Scraped caption text data:
------------------------------
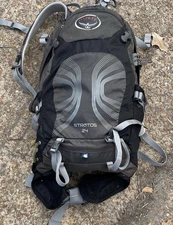 Osprey Stratos 24- Backpack With Water Pouch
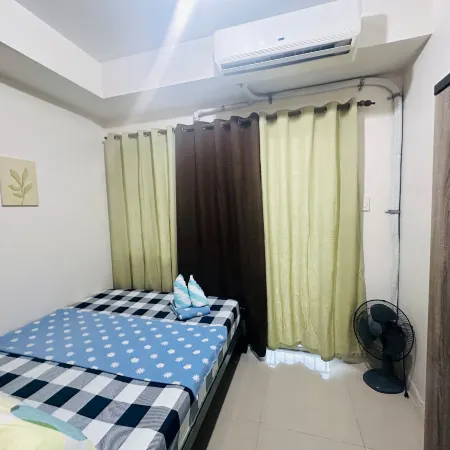 Fancy 1Br Condo Front of MOA IKEA at Shell  ResidencesTower B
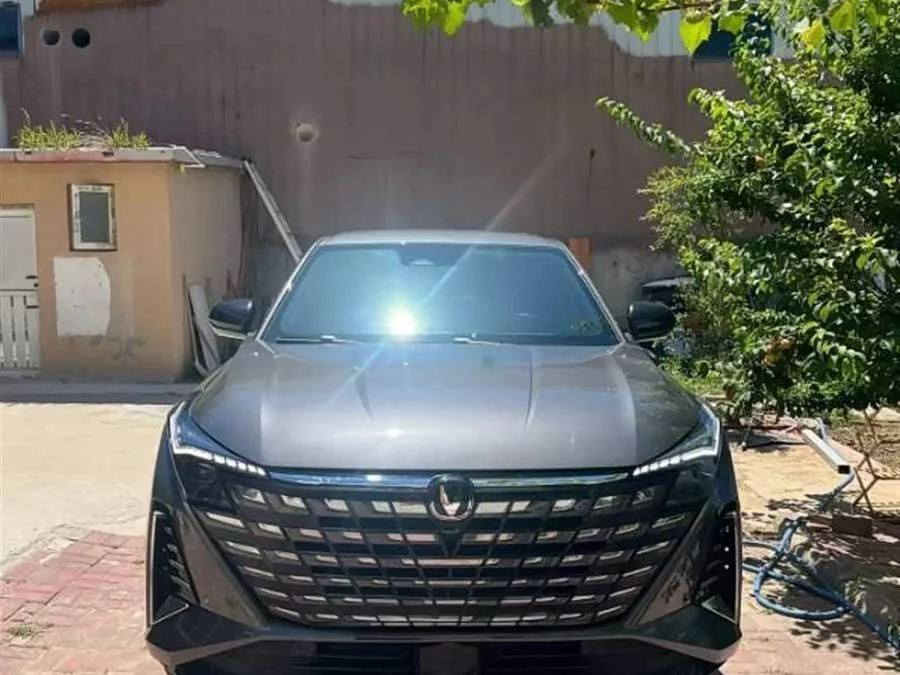 Changan UNI-Z PHEV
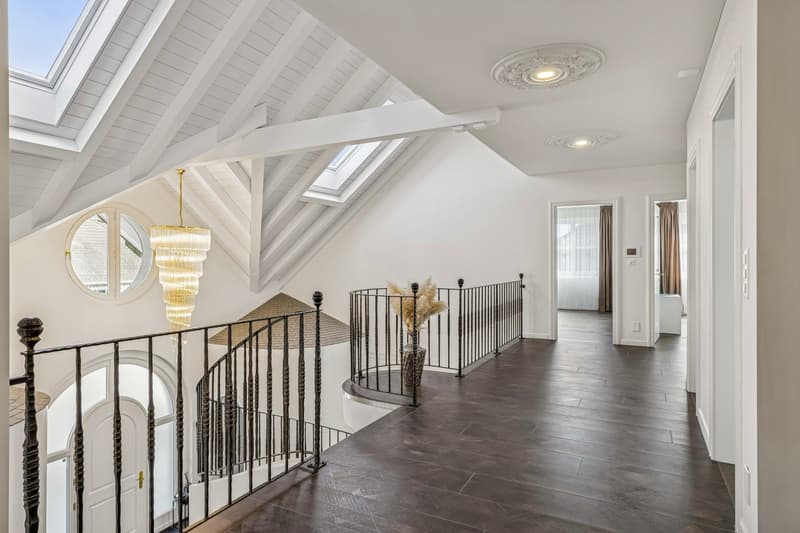 Exklusive Villa mit Indoor-Pool (26)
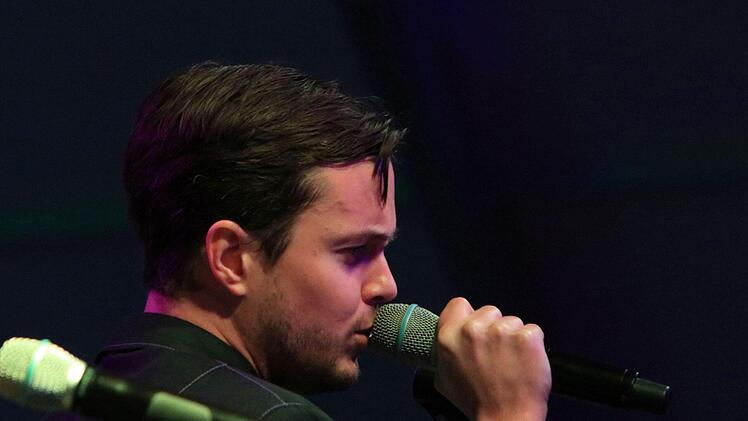 Das Publikum war begeistert: Impressionen von der Coburger Spider Murphy Party" auf dem Schlossplatz. Der Abend im Festzelt war eine Kooperation der Original Prinz Albert Blasmusik (OPA) mit dem Landestheater Coburg.Foto: Jochen Berger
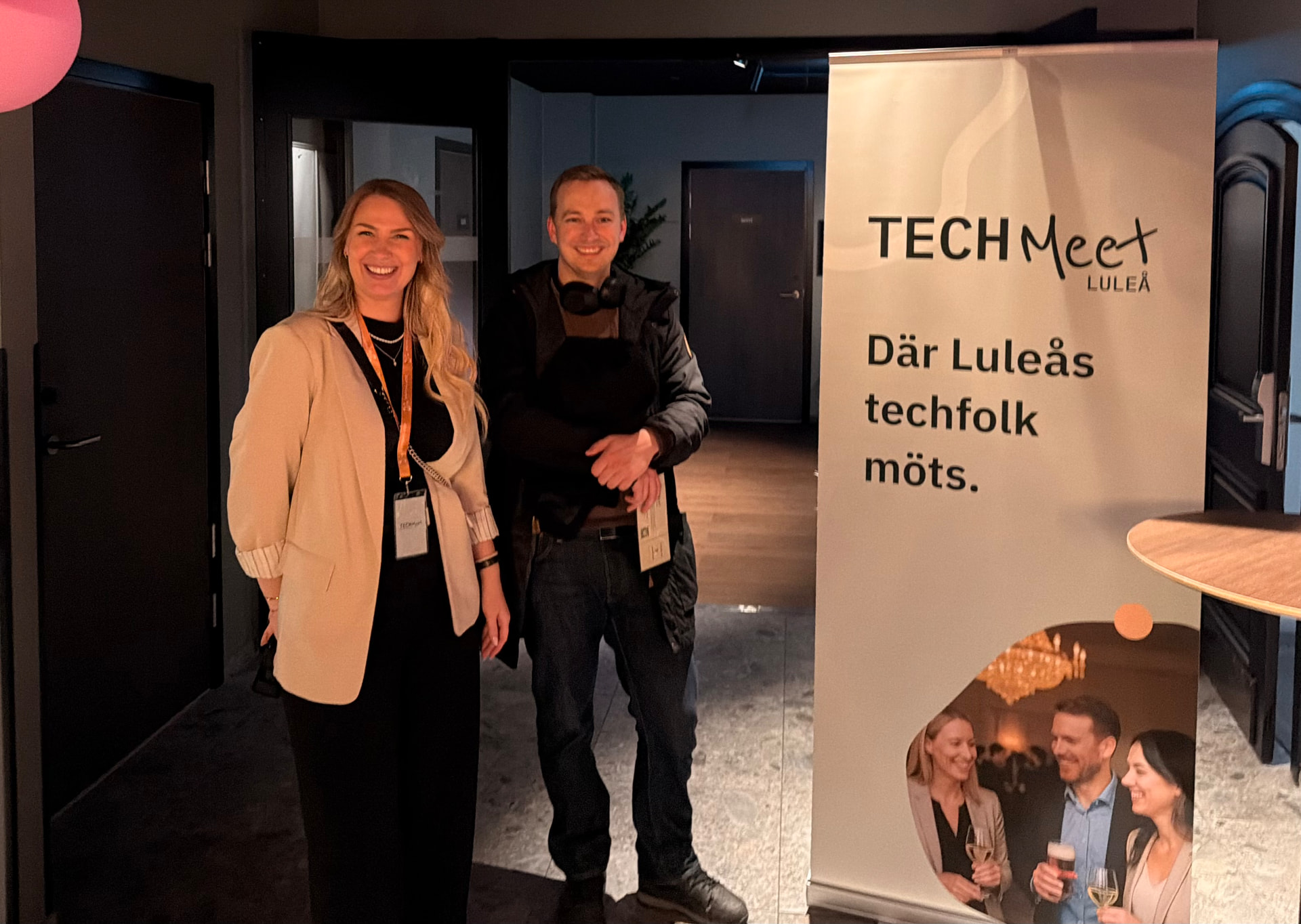 Två deltagare vid TechMeet Luleås rollup under after worken den 14 oktober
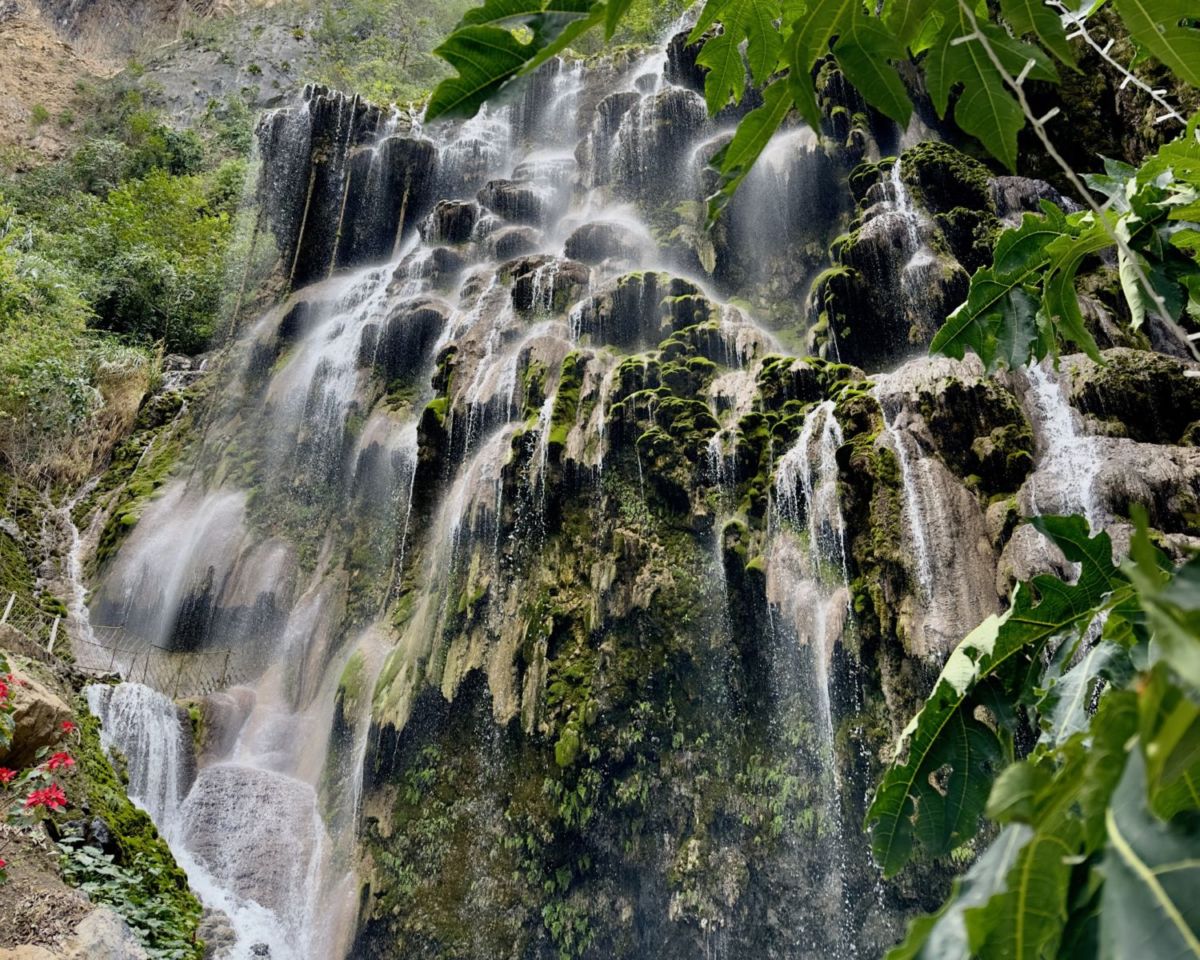 velos de agua cristalina en tolantongo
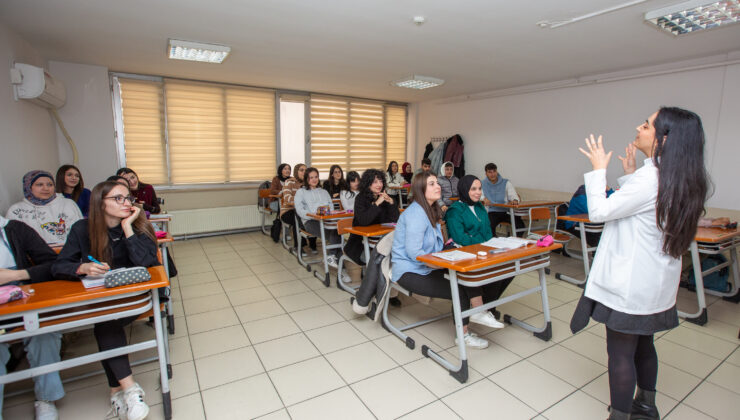 Bursa Büyükşehir, üniversite adaylarının yanında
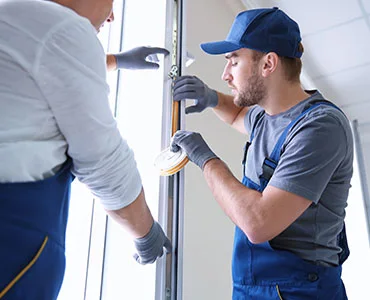 glass repair experts in Three Lakes, FL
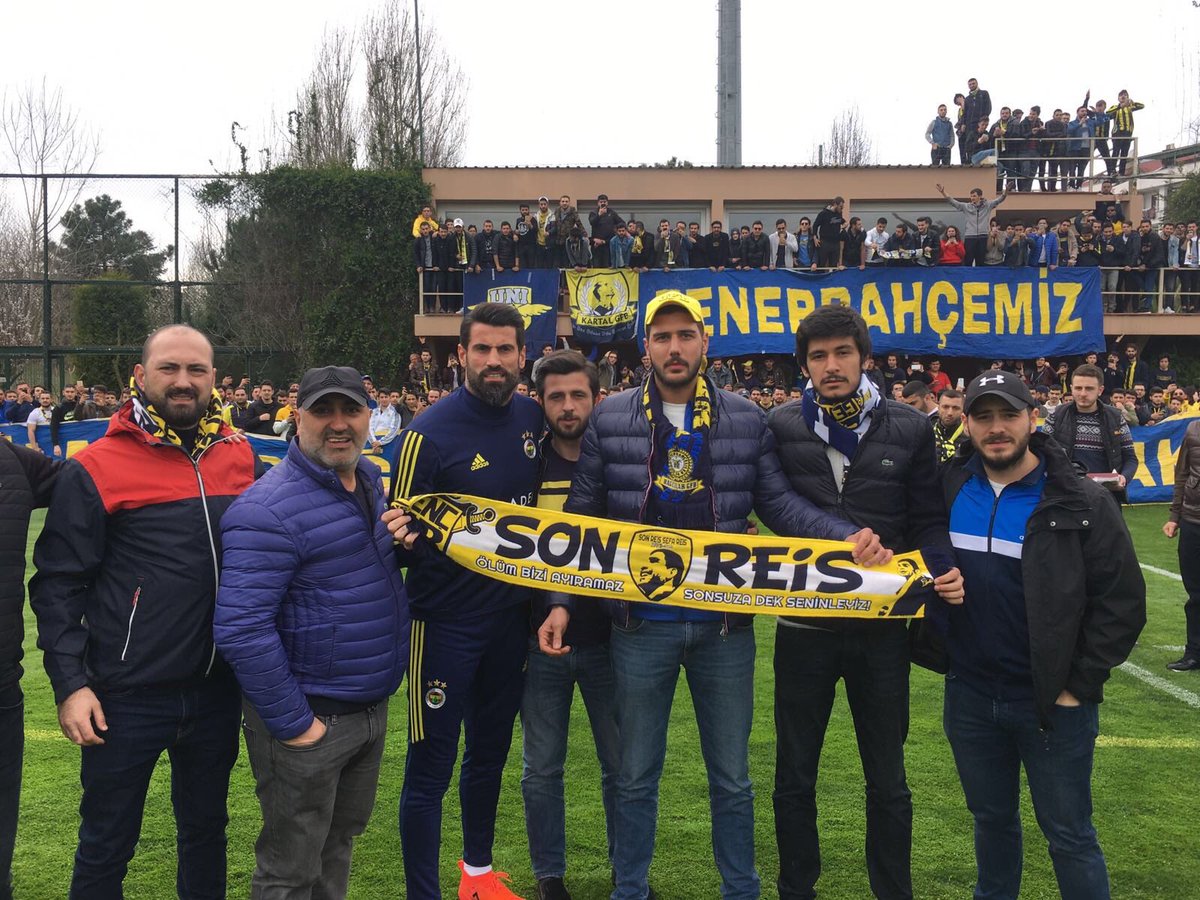 Genç Fenerbahçeliler, Galatasaray maçı öncesinde moral ve motivasyon sağlama amacıyla, futbol takımlarını Can Bartu Tesisleri'nde ziyaret etti.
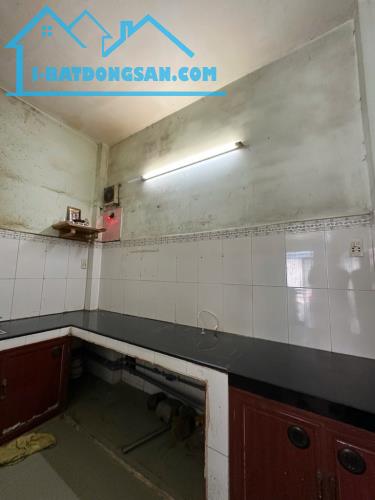 HẺM XE HƠI – BÌNH TÂN – GẦN LÊ ĐÌNH CẨN- NHÀ 2 TẦNG MỚI ĐẸP Ở NGAY - NHỈNH 3 TỶ - 3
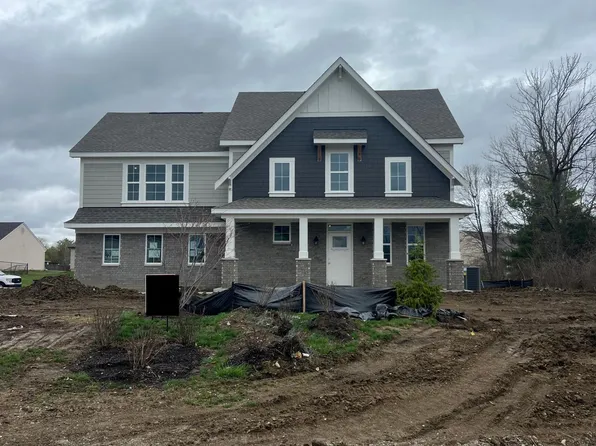 934 Apryl Dr, Greenwood, IN 46143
------------------------------
Task brief: Exactly repeat only the lines from the one with "HẺM XE HƠI –" to the closing line above, both included, and omit every picture.

Written response:
 HẺM XE HƠI – BÌNH TÂN – GẦN LÊ ĐÌNH CẨN- NHÀ 2 TẦNG MỚI ĐẸP Ở NGAY - NHỈNH 3 TỶ - 3
 934 Apryl Dr, Greenwood, IN 46143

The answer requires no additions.